**WORK ITEM**
Using only the entries below, output the lines starting at the one containing "Kortärmad T-shirt med" and ending at the one containing "Glow In The", exactly and inclusive of both, omitting the pictures.

**RECORDS FOR THIS TASK**

———

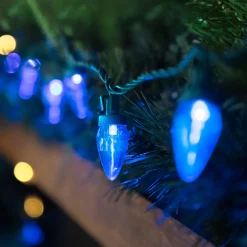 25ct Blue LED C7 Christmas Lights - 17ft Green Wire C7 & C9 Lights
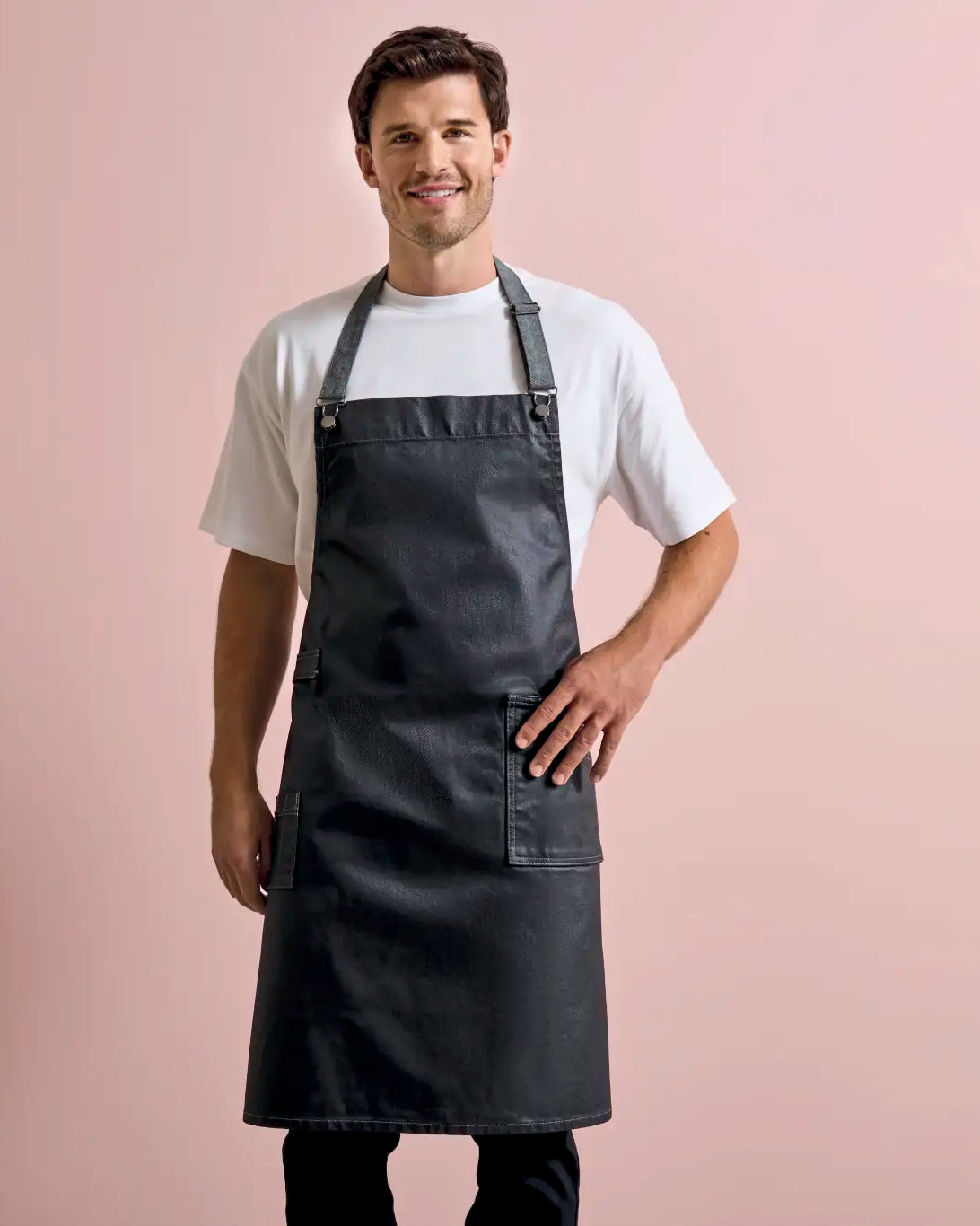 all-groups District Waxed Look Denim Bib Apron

———

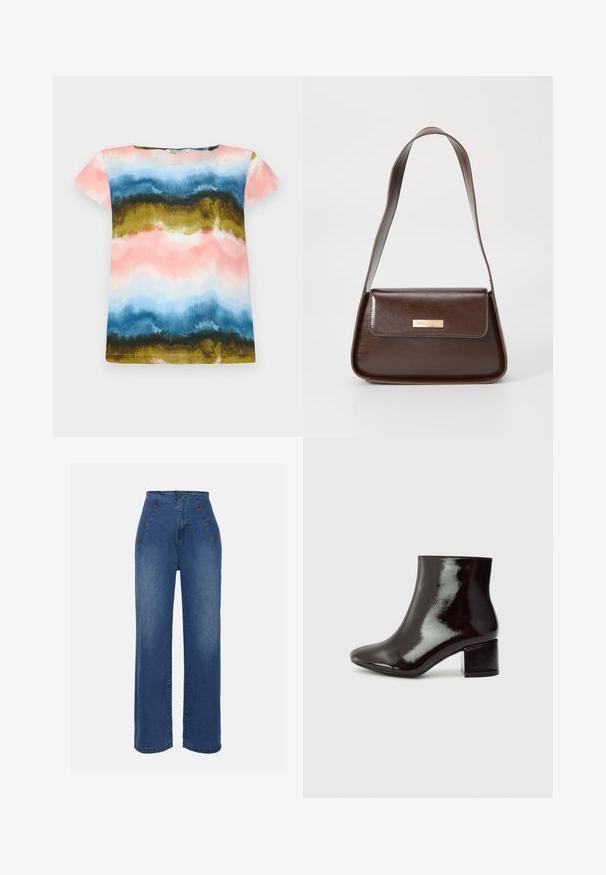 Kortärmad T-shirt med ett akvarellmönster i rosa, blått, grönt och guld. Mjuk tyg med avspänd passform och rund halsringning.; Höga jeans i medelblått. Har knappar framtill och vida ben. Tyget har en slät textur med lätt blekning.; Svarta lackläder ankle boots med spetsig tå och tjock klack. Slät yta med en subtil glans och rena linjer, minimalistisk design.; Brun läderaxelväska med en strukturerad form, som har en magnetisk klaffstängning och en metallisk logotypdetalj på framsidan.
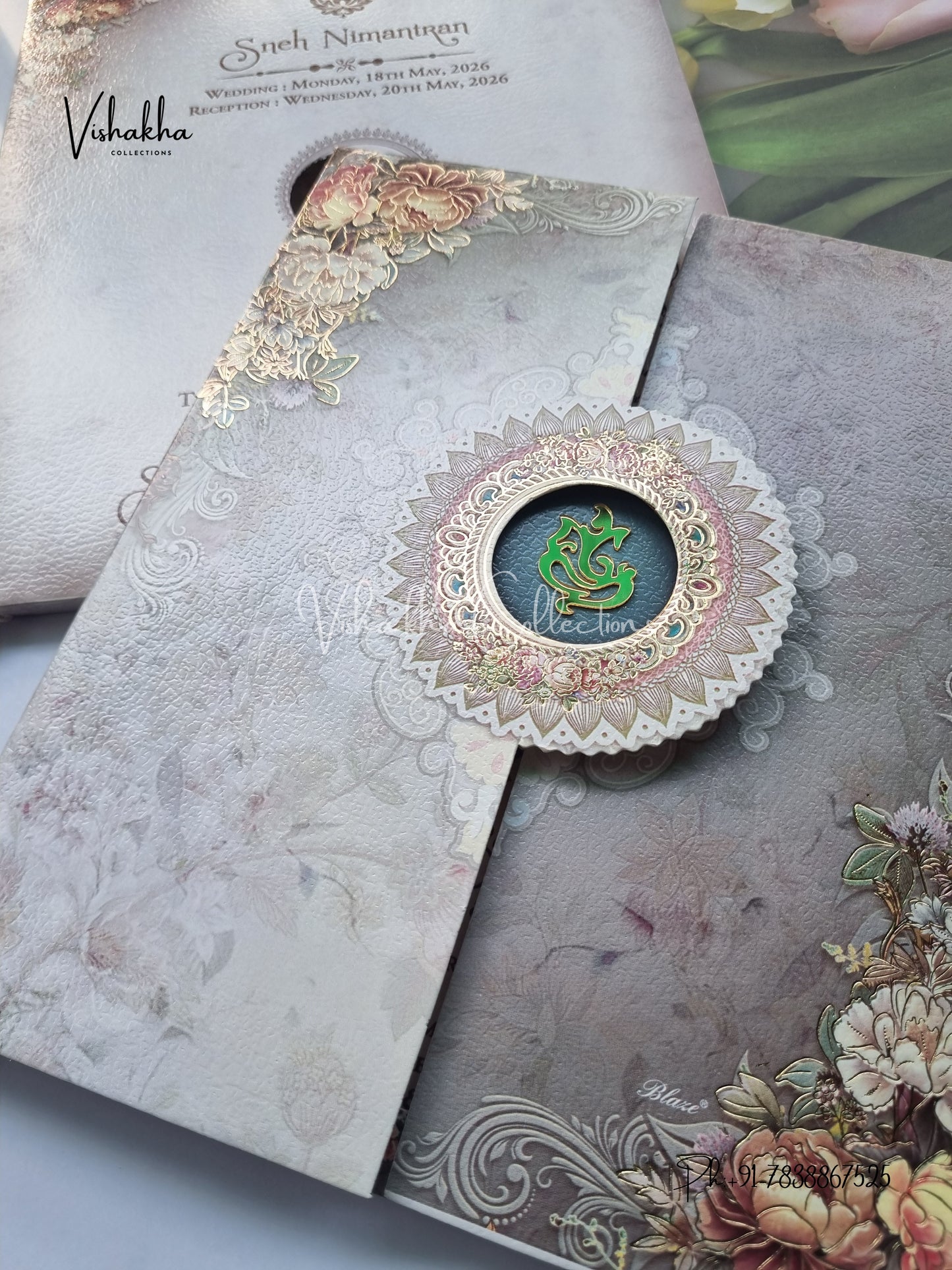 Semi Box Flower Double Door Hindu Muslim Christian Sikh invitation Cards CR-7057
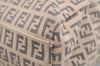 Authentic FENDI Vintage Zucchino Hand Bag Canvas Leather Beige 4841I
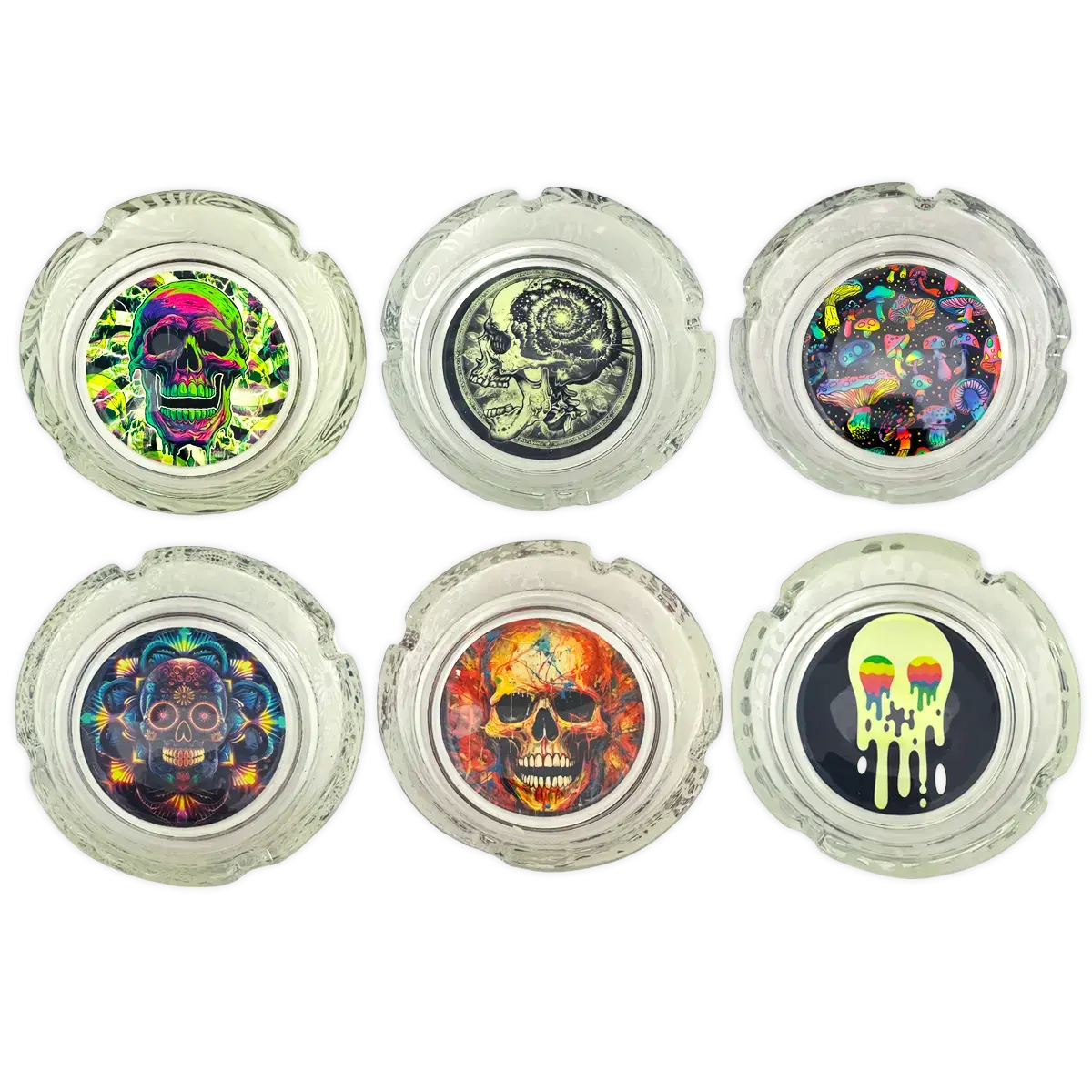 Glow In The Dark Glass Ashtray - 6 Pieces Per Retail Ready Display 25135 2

———

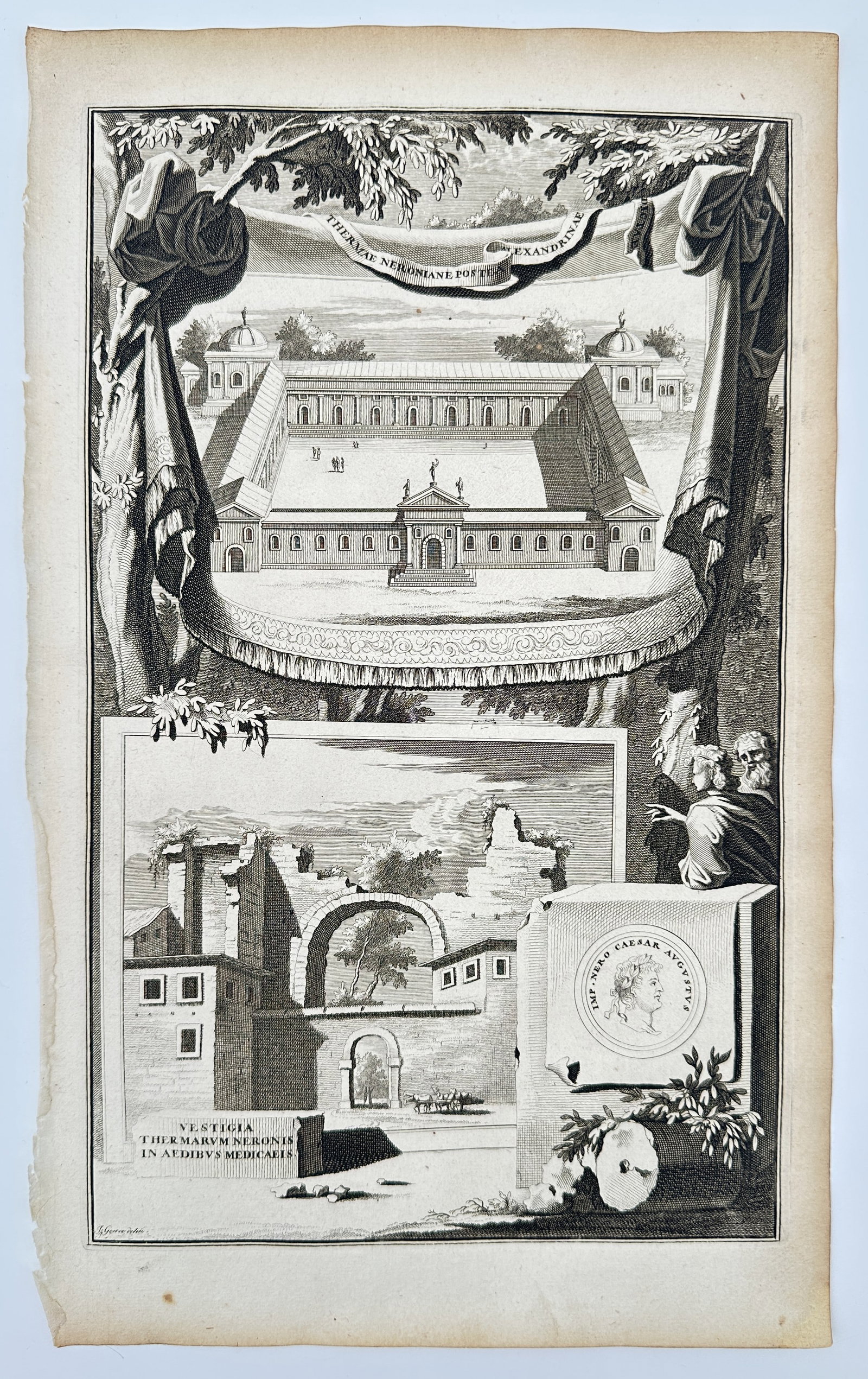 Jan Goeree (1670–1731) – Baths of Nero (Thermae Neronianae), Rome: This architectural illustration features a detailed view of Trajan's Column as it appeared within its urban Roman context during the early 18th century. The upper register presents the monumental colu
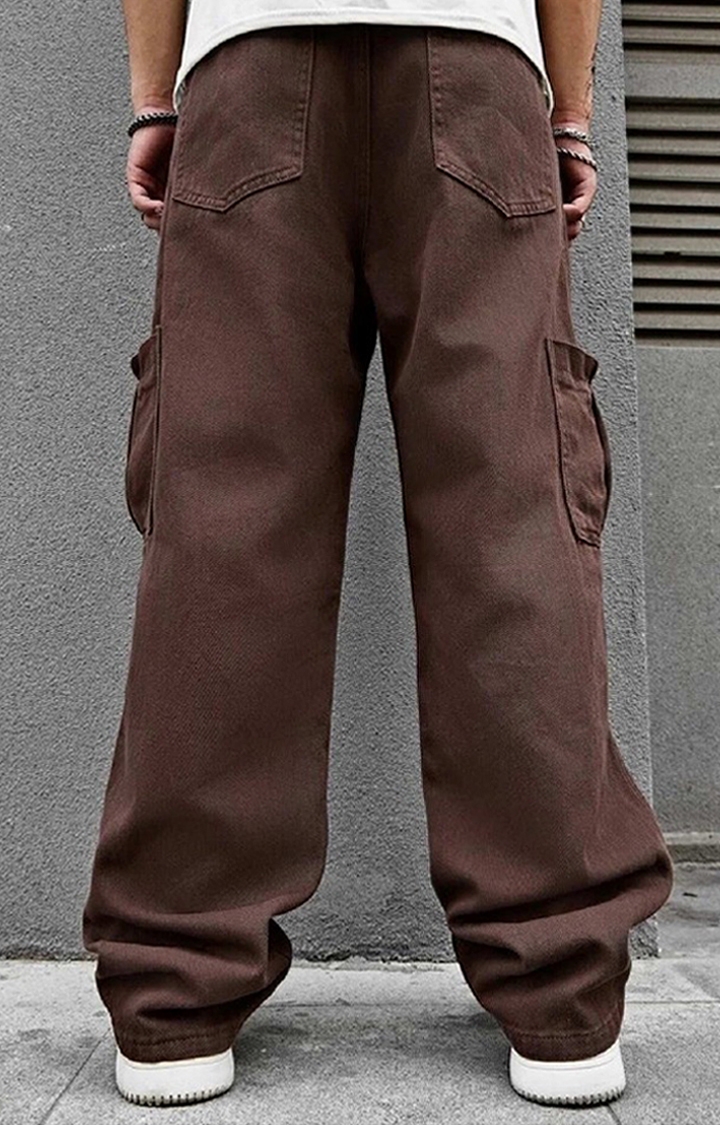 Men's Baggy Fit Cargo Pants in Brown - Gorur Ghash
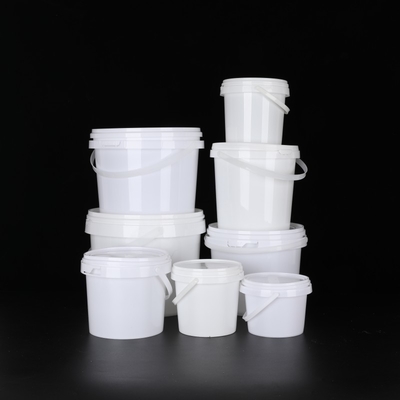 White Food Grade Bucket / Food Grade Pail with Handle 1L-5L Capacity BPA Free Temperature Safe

———

**REPLY**
 Kortärmad T-shirt med ett akvarellmönster i rosa, blått, grönt och guld. Mjuk tyg med avspänd passform och rund halsringning.; Höga jeans i medelblått. Har knappar framtill och vida ben. Tyget har en slät textur med lätt blekning.; Svarta lackläder ankle boots med spetsig tå och tjock klack. Slät yta med en subtil glans och rena linjer, minimalistisk design.; Brun läderaxelväska med en strukturerad form, som har en magnetisk klaffstängning och en metallisk logotypdetalj på framsidan.
 Semi Box Flower Double Door Hindu Muslim Christian Sikh invitation Cards CR-7057
 Authentic FENDI Vintage Zucchino Hand Bag Canvas Leather Beige 4841I
 Glow In The Dark Glass Ashtray - 6 Pieces Per Retail Ready Display 25135 2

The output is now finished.